Where We Be
Outside Buddha Tooth Relic Temple in Singapore's Chinatown was the longest and
most colorful table of offerings we've ever seen. Even the locals seemed impressed.
Singapore Neighborhoods
We spent a full day exploring some of the most
culturally vibrant neighborhoods of Singapore --
specifically, the Colonial Center, Kampong Glam
(the Muslim quarter), and Chinatown. The city is
big enough and temperatures hot enough that
walking between neighborhoods isn't always
practical, so the better way to go is to buy a
three-day Singapore Tourist Pass for SD 20
($15 US) which gives you unlimited use of the
fantastic metro system.

We stayed in Little India, the most affordable
neighborhood in Singapore that's still close to
all the action. It's well serviced by the metro so
getting around is a breeze. Our first stop was
Raffles Hotel, the iconic symbol of Singapore's
colonial days with its Billiards Bar and Long Bar,
home of the Singapore Sling. After exploring
the Colonial Center we visited Kampong Glam
to see Masjid Sultan Mosque and wander down
Arab Street and narrow Haji Lane. Our last stop
was Chinatown, where we visited the strangely
named Buddha Tooth Relic Temple and let
ourselves get lost down narrow shopping lanes.
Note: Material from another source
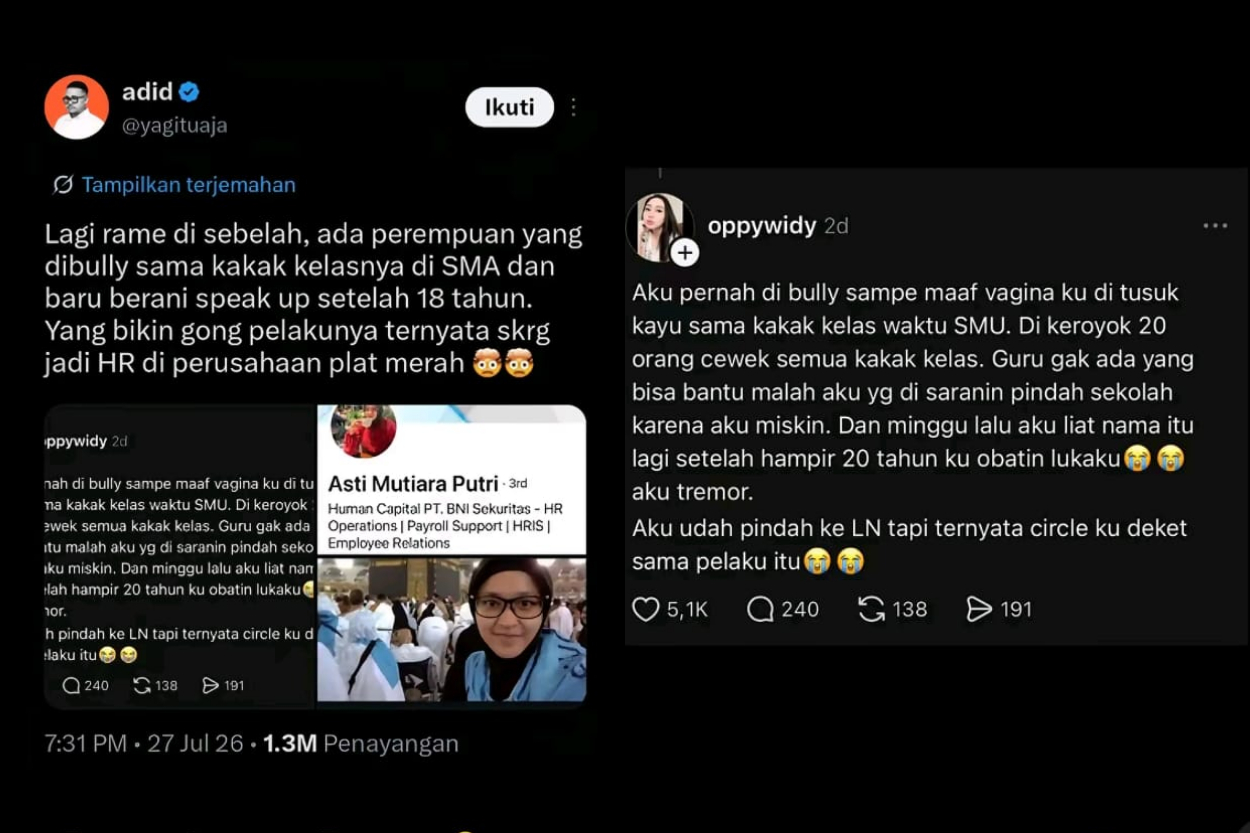 Viral Curhat Korban Bullyin...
We stayed at Hotel 81 Dickson ($69 per night) and came to love the location for its close
proximity to both the metro and inexpensive restaurants -- hardly a given in Singapore
There aren't many sights per se to see in Little India, but it
makes a convenient and affordable base for exploring Singapore
Hop off the metro and find yourself in another part of the world! This is Kampong Glam, the
Malay-Muslim Quarter of Singapore. Masjid Sultan Mosque is the most notable sight here.
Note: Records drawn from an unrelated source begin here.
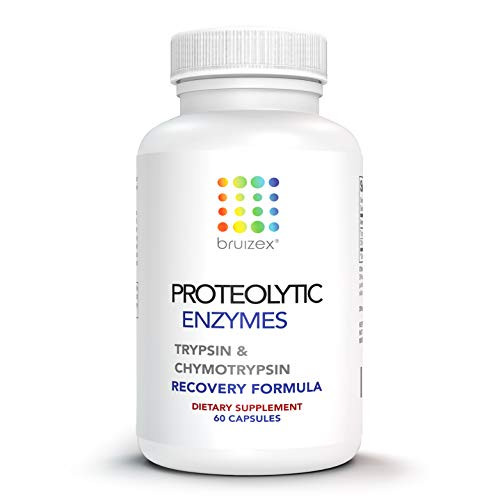 BRUIZEX Proteolytic Enzymes for Inflammation and Pain Relief Trypsin and Chymotrypsin Anti-Inflammatory Recovery Supplement for Tissue Trauma, Bruising, Swelling Immune System Support 60 Caps BRUIZEX Proteolytic Enzymes for Inflammation and Pain Relief Trypsin and Chymotrypsin Anti-Inflammatory Recovery Supplement for Tissue Trauma, Bruising, Swelling Immune System Support 60 Caps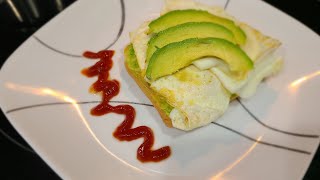 5 minutes avocado toast with egg Healthy amp Easy breakfast recipe 5minutesrecipes fypシ゚viral [upl. by Harneen]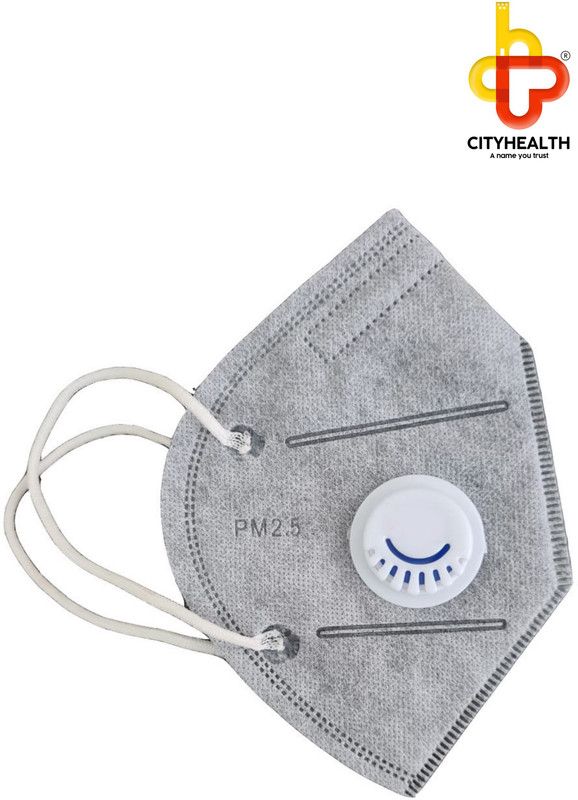 Cityhealth Virus Protection N95 with Valve for Easy Breathing Day to Day Reusable  (Free Size, Pack of 1)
We wandered down narrow alley-like streets -- Arab Street and Haji Lane being
the most memorable. Eventually we settled on a Turkish restaurant for lunch.
We just had to see Raffles Hotel, the famous colonial style luxury hotel
built in 1887. It's named after Singapore’s founder, Sir Stamford Raffles.
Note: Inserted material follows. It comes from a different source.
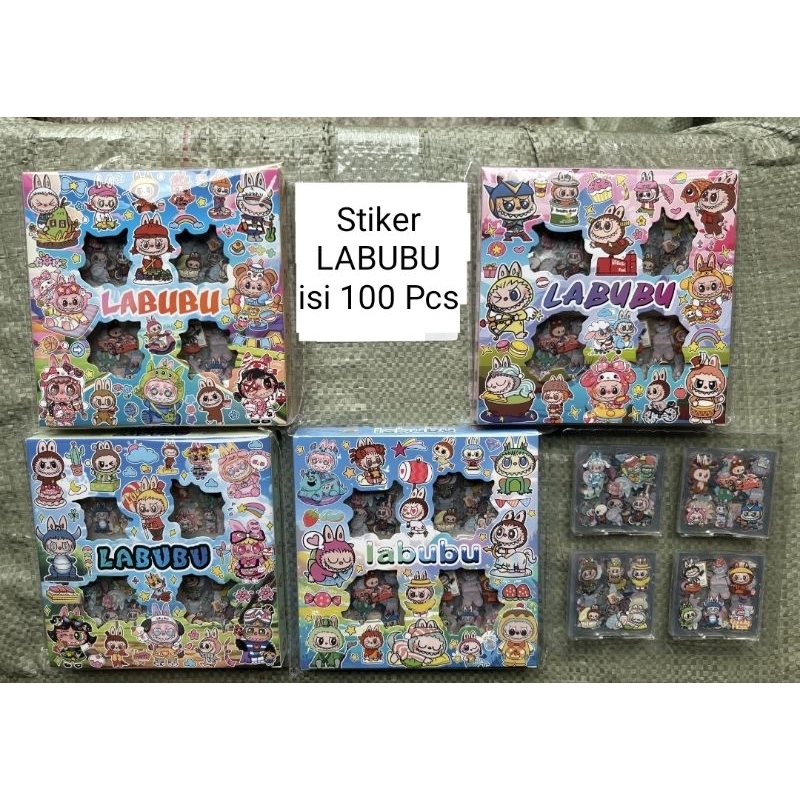 

Stiker LABUBU isi 100 Lembar Stiker Viral Labubu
This was THE place to be in the early 1900's. Writers
like Somerset Maugham and Rudyard Kipling stayed here.
Inside you can visit the Long Bar and Billiards Bar. Electric lights
and powered ceiling fans were a first for any hotel in the region.
This is the home of the Singapore Sling, a gin-based cocktail developed
around 1915 by a bartender from Hainan, China working at the Long Bar
The Colonial Center is surrounded by taller buildings in more modern parts of Singapore, but
here there's still plenty of greenery and colonial architecture. Above is the Civilian War Memorial
(dedicated to victims of the Japanese Occupation during World War II) and the Victoria Theatre.
Here's one example, Vel's Curry, where we got to try ghee rost -- a
paper-thin dosa from Southern India with three dipping sauces -- Yum!
Another quick metro ride and we found ourselves in Chinatown.
This was the view as we emerged from the metro station.
We also visited Sri Mariamman Temple, a Hindu temple right in the midst of Chinatown --
a good reminder that the different quarters of Singapore aren't hard and fast but blend together
in interesting ways. There was an active prayer service here, too, with "jazzy" trumpet-like music being played.
The most notable site here is Buddha Tooth Relic Temple. It's an impressive Tang-style temple
housing what is claimed to be a tooth of Buddha found in 1980 in a collapsed stupa in Myanmar.
You can see the tooth relic on the fourth floor, but our main
reason for coming was the cool architecture of the temple itself
An active prayer service was going on when we visited, so we got to hear Buddhist chanting with accompanying
gongs and triangles. We were surprised by the number of parishioners here  on a Tuesday afternoon.
At one point they all got up and circled through the temple doors before returning to their seats.
We're suckers for Chinese lanterns, and we've never seen a prettier
display than this one on the ceiling of Buddha Tooth Relic Temple
We weren't the only ones who stopped to take a look at all the tempting offerings on display
outside the temple -- but perhaps the fierce guardian statues kept anyone from touching.
Don't bring dosas or any other food or drink onto the metro or risk a fine of SD 500 ($360 US). Notice the
"No Durians" sign -- you'll see them throughout Southeast Asia where these odiferous fruits are commonplace.
Kampong Glam
Little India
Colonial Center
Old and modern rub shoulders often in Singapore. Here you can
see skyskrapers and small shop fronts existing side by side.